Oltre cinquecento persone hanno dato l’ultimo saluto a Franco Tomassoni, assessore alla Sanità dell’Umbria. La chiesa piena di gente, il piazzale altrettanto affollato di amici, rappresentanti istituzionali, ,di associazioni e mondo imprenditoriale. Si corre il rischio di dimenticare sicuramente qualcuno, perché raramente è capitato, almeno negli ultimi anni, che un uomo politico venisse salutato da tanta gente, nonostante la distanza dal capoluogo di regione, visto che la cerimonia religiosa si è svolta nella chiesa parrocchiale di Paciano, dove Franco Tomassoni ha sempre vissuto, anche quando ha ricoperto incarichi importanti che lo portavano a un impegno di intere giornate a Perugia.

Il messaggio di Marini C’era la presidente Catiuscia Marini che ha lasciato una testimonianza commossa e commuovente rivolgendosi alla moglie Marisa, ai figli Davide e Niccolò: «Il vostro dolore è insostituibile ma sappiate che è grande anche il nostro. Ci porteremo dietro per molto tempo le capacità umane e politiche di Franco, uomo che sapeva affrontare e provare a risolvere ogni problema, a prescindere dalle difficoltà che presentava. Dovete essere orgogliosi di lui, dell’insegnamento che vi ha lasciato, del fatto che è stato unanimemente definito un uomo perbene». Oltre alla presidente Marini, anche il sottosegretario agli Interni, Gianpiero Bocci, il parlamentare Giampiero Giulietti, tutti i sindaci del Trasimeno, il sindaco di Perugia Wladimiro Boccali, giunta regionale al completo.

Altri presenti Folta la rappresentanza del mondo della Sanità di ieri e di oggi, dall’ex assessore alla Sanità Maurizio Rosi e da Vincenzo Riommi, il direttore dell’area Sanità della Regione Emilio Duca, il direttore generale dell’azienda sanitaria di Perugia, Walter Orlandi, il direttore sanitario Giuseppe Ambrosio e il direttore generale di Terni Andrea Casciarri, il direttore Asl 2 Sandro Fratini, molti medici e personale infermieristico, tra cui proprio i medici della struttura del Santa Maria della Misericordia che si sono premurati per assistere Franco Tomassoni e che sono stati ringraziati pubblicamente dalla famiglia Tomassoni.  Presenti i rettori Franco Moriconi e Giovanni Paciullo, l’ex rettore Francesco Bistoni.
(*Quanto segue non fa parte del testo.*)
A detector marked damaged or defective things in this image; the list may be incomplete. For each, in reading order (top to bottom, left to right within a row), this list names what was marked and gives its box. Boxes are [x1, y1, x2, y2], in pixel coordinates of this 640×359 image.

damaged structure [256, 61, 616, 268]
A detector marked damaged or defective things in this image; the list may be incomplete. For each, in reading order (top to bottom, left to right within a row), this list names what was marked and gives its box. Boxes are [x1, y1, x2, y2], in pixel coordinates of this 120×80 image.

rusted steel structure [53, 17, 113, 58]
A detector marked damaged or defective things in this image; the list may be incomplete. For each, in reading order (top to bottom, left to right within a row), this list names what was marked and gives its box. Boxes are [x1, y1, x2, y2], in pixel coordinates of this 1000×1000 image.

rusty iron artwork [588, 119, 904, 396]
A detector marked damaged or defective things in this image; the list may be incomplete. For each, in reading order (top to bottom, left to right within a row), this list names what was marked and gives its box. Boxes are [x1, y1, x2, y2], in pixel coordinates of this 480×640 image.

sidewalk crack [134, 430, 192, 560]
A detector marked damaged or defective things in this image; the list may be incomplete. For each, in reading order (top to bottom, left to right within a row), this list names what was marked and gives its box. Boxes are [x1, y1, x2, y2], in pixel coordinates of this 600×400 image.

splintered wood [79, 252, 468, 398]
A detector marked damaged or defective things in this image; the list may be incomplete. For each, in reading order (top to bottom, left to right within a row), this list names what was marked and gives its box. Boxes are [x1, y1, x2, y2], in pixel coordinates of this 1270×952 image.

Presente anche Franco Vannini, vecchia gloria del Perugia, amico personale di Tomassoni che, tra l’altro, è stato appassionato di calcio, del Grifo della serie A, inventando un premio, ai tempi in cui era presidente della Grifo Latte, che assegnava un riconoscimento ai gol più spettacolari dell’anno. Per gli amici ha laciato una testimonianza Valerio Rigutini, uno di coloro a cui l’assessore aveva chiesto di chiamarlo sempre Franchino.

Il figlio Il figlio Davide ha tratteggiato la figura del padre chiamandolo «Babbo»: «Ci hai dato molto e da te molto abbiamo preso. La tua ironia, il tuo modo di saperti rifocillare nella nostra Paciano, dove tutti ti hanno voluto bene. Ci hai trasmesso l’amore per la natura, la tua curiosità, il gusto per la lettura. Hai dato a noi l’esempio di come si affrontano i problemi della vita, e il nostro impegno è quello, anche in questo momento di desolazione, di raccogliere il tuo messaggio. Cercheremo io e Niccolò e la mamma di affrontare la vita col tuo stesso coraggio, perché, come dicevi tu, i problemi vanno risolti». Presenti anche molti giornalisti che si occupano della vita politica della Regione. La cerimonia funebre è stata celebrata da padre Nicola Allevi.